Icahn controls about 66% of shares in CVR, based in Sugar
Land, Texas. CVR operates two U.S. refineries, the 115,000
barrel-per-day (bpd) Coffeyville in Kansas, and the 75,000-bpd
Wynnewood in Oklahoma.
A U.S. court in Delaware is auctioning the shares to pay
creditors that have $21.3 billion in claims against Venezuela
for defaults and expropriations. The court has so far accepted
bids from CVR, trading house Vitol VITOLV.UL and others as
part of the historic sale process of one of the parents of
Citgo, the seventh largest U.S. oil refiner.
CVR is working with investment bankers at Wells Fargo
WFC.N to raise the financing for its bid, the people said. The
company has the support of Icahn Enterprises in its offer, the
people added.
Icahn Enterprises, CVR's CEO, David Lamp, and Wells Fargo
declined to comment.
CVR's mid-continent oil refineries would make a solid
geographic match to Citgo's refineries in Texas, Louisiana and
Illinois, one of the people familiar with its bid said.
"The bid advantage that CVR has is its synergies (to
Citgo)," the person said. "Citgo is primarily a Gulf Coast
refiner and CVI operates in the middle of the country."

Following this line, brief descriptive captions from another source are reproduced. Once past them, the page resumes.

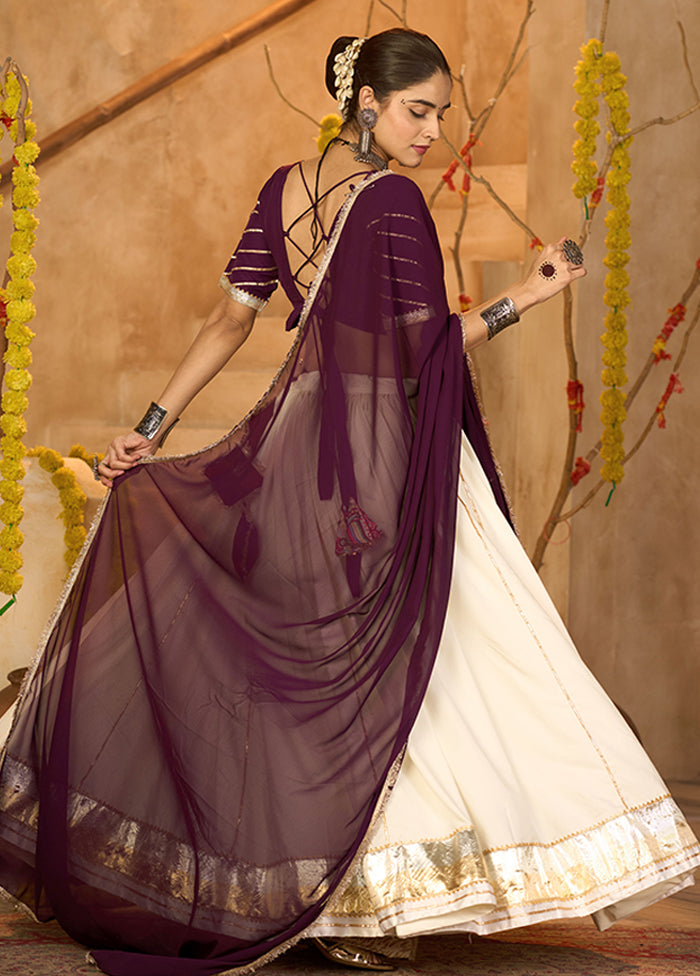 Cream Blended Silk Dupatta Lehenga Set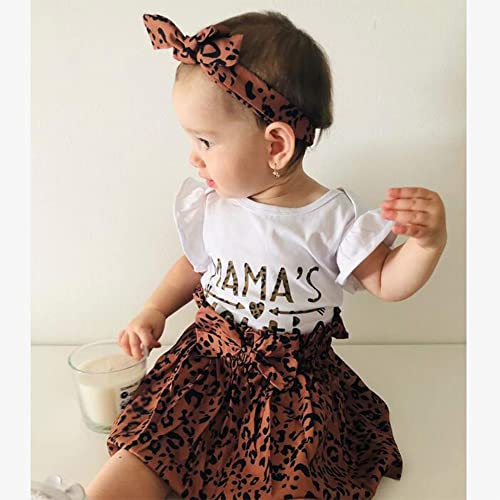 Toddler Baby Girls Summer Outfit Leopard Ruffle Short Sleeve Romper Leopard Tutu Skirts Sets Headband 3Pcs Summer Clothes Set 9-12Months #TOP5
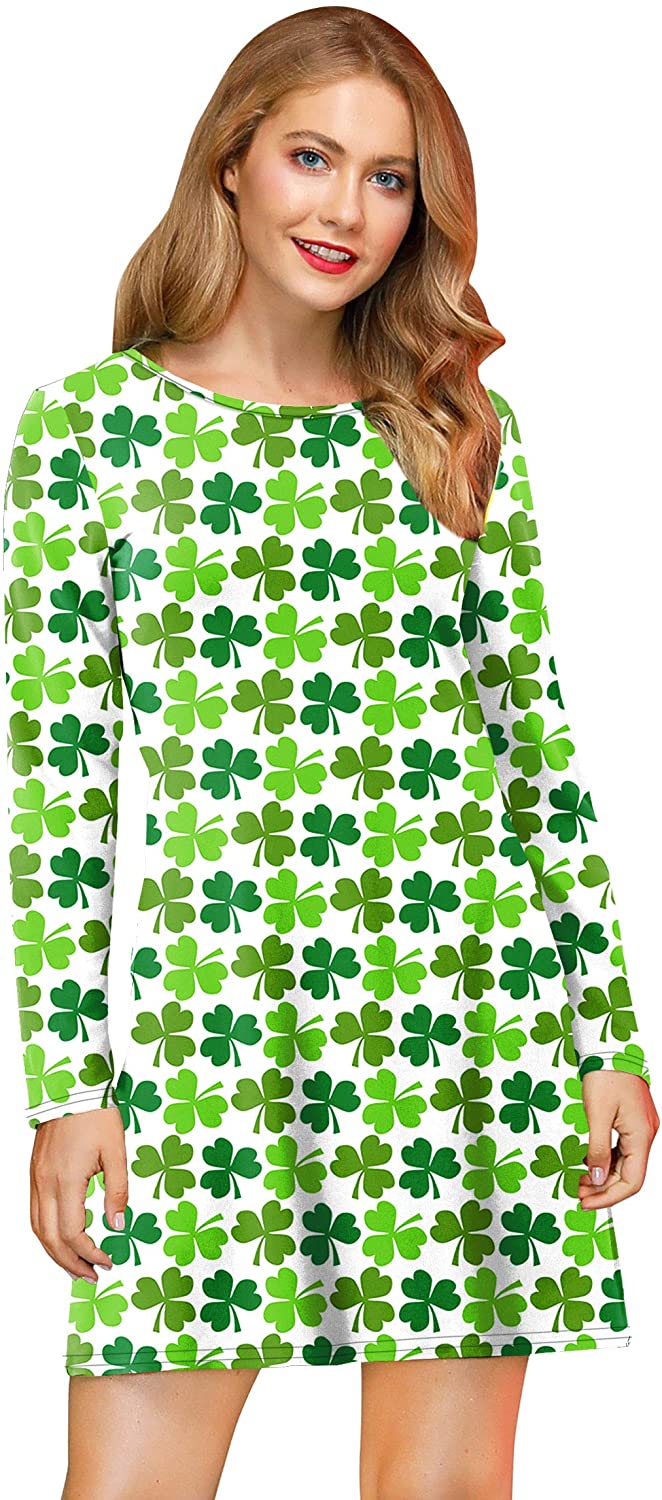 Spadehill St Patricks Day Womens Long Sleeves Shamrock Tunic Dress with  Pockets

Hedge fund Elliott Investment Management was weighing
another bid, while a group of creditors represented by
Centerview Partners aimed to lure ConocoPhillips COP.N to join
a separate offer, people close to the matter said in April.
In recent weeks,
financial allies
began to build to support some of the bids, including firms
JP Morgan JITAX.O , Morgan Stanley MS.N and Rotschild & Co.
U.S. District Judge Leonard Stark, who is leading the case,
will host a hearing on Tuesday about the sale process' calendar
and progress with the second bidding round. He will discuss a
proposal to extend the period for evaluating the bids, which
have proven to be complex, through Sept. 19.